* TASK DIRECTIONS:
Copy verbatim the material from its first line to the line that holds "Seiko 145th Anniversary", including that line.

"""

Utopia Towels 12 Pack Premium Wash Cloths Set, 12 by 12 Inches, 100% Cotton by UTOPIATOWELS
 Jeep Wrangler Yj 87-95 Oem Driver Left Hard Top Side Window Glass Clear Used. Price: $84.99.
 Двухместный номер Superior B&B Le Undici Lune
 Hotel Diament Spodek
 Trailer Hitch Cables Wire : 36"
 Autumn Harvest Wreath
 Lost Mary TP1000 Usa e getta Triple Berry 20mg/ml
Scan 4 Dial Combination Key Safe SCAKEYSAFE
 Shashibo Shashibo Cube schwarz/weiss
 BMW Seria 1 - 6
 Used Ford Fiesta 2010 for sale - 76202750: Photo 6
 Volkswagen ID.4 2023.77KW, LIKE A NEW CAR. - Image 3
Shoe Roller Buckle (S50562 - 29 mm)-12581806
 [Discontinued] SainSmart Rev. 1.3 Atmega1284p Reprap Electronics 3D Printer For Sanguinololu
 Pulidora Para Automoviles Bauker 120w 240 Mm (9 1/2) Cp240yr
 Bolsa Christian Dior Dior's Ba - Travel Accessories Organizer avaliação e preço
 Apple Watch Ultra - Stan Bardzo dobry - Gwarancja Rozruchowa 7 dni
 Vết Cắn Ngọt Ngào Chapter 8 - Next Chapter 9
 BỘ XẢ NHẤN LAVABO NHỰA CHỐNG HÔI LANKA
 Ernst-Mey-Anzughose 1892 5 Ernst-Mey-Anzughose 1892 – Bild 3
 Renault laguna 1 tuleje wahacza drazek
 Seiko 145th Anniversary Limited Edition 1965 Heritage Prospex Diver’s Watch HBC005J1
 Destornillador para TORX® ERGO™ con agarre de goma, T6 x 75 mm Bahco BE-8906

"""

* RESULT FOR THIS TASK:
Utopia Towels 12 Pack Premium Wash Cloths Set, 12 by 12 Inches, 100% Cotton by UTOPIATOWELS
 Jeep Wrangler Yj 87-95 Oem Driver Left Hard Top Side Window Glass Clear Used. Price: $84.99.
 Двухместный номер Superior B&B Le Undici Lune
 Hotel Diament Spodek
 Trailer Hitch Cables Wire : 36"
 Autumn Harvest Wreath
 Lost Mary TP1000 Usa e getta Triple Berry 20mg/ml
Scan 4 Dial Combination Key Safe SCAKEYSAFE
 Shashibo Shashibo Cube schwarz/weiss
 BMW Seria 1 - 6
 Used Ford Fiesta 2010 for sale - 76202750: Photo 6
 Volkswagen ID.4 2023.77KW, LIKE A NEW CAR. - Image 3
Shoe Roller Buckle (S50562 - 29 mm)-12581806
 [Discontinued] SainSmart Rev. 1.3 Atmega1284p Reprap Electronics 3D Printer For Sanguinololu
 Pulidora Para Automoviles Bauker 120w 240 Mm (9 1/2) Cp240yr
 Bolsa Christian Dior Dior's Ba - Travel Accessories Organizer avaliação e preço
 Apple Watch Ultra - Stan Bardzo dobry - Gwarancja Rozruchowa 7 dni
 Vết Cắn Ngọt Ngào Chapter 8 - Next Chapter 9
 BỘ XẢ NHẤN LAVABO NHỰA CHỐNG HÔI LANKA
 Ernst-Mey-Anzughose 1892 5 Ernst-Mey-Anzughose 1892 – Bild 3
 Renault laguna 1 tuleje wahacza drazek
 Seiko 145th Anniversary Limited Edition 1965 Heritage Prospex Diver’s Watch HBC005J1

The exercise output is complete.